GAIL India surprised the market with substantially higher profit numbers, much beyond the analyst estimates. Gail’s net profit for the March 2010 quarter jumped 45% to Rs 911 crore against the analyst expectations of 12-27%. This proved to be the second-highest quarterly profits recorded by the company in its history of over 25 years.
For Gail, it was an all-round performance, as most of its major segments increased revenues as well as margins, thereby boosting profits. The impressive performance came despite a Rs 338-crore subsidy burden and a 10% increase in drywell expenditure against the year-ago period.

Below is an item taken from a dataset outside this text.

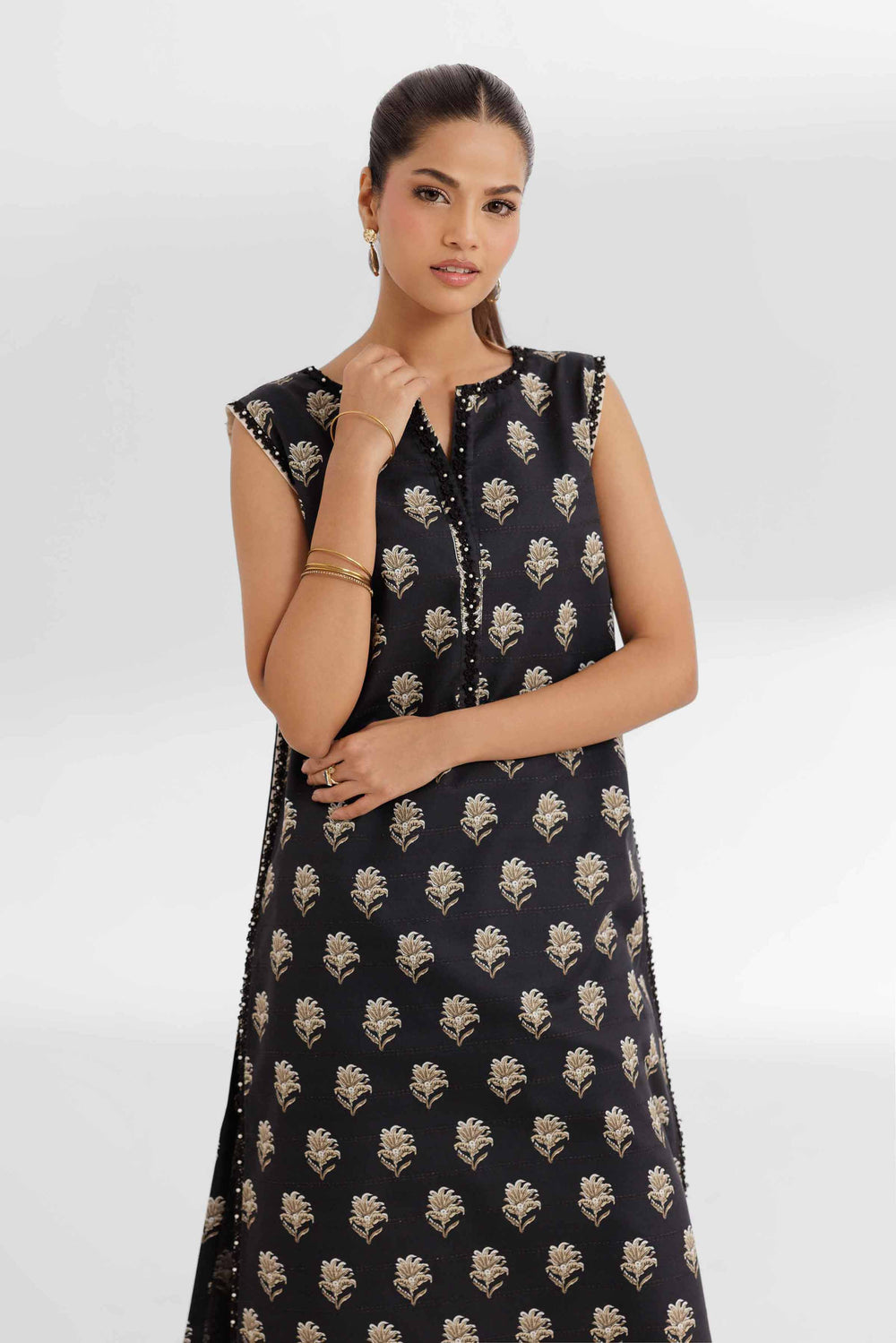 Nishat Printed Lawn 2-Piece Stitched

Natural gas trading, which accounts for the majority of the company’s revenues, proved to be the only major segment showing some stagnation. Revenues as well as profits from this segment were lower than the year-ago period, while its margins eroded, despite an 8% growth in volumes to 83.6 MMSCMD. LPG and hydrocarbons business — the segment directly affected by the subsidy sharing — reported a growth of 81.6% in profits to Rs 406.7 crore despite subsidy burden, which stood at nil in the March 2009 quarter.
The petrochemicals segment reported its historically highest profit of Rs 447 crore, as the segment’s revenues grew 17% to Rs 822 crore. This was despite a 4% Y-o-Y fall in polymer sales to 109,000 tonne during the quarter.
Gail’s last quarter numbers were also helped by an improvement in other income and a fall in interest and depreciation costs. The company also reported a substantially lower effective tax rate of 30.3% for the March 2010 quarter against 37.2% in the year-ago period.
The company has lined up aggressive investment plans worth $10 billions for the next four years, of which 70% will go in laying pipelines. For this, the company will be raising debt worth $4.5 billion in the next three years — through issue of bonds (35%), term loans (33%), external commercial borrowings (24%) and others (8%).
Surprisingly, Gail’s better results boosted its scrip, which gained nearly 3% in the past two trading sessions to Rs 440.50 on BSE, when the Sensex lost 0.7% at 16876 points. Considering the per-share earnings of Rs 26.2 for FY10, the price-to-earnings multiple (P/E) now works out to 16.8, which appears reasonable for the gas behemoth.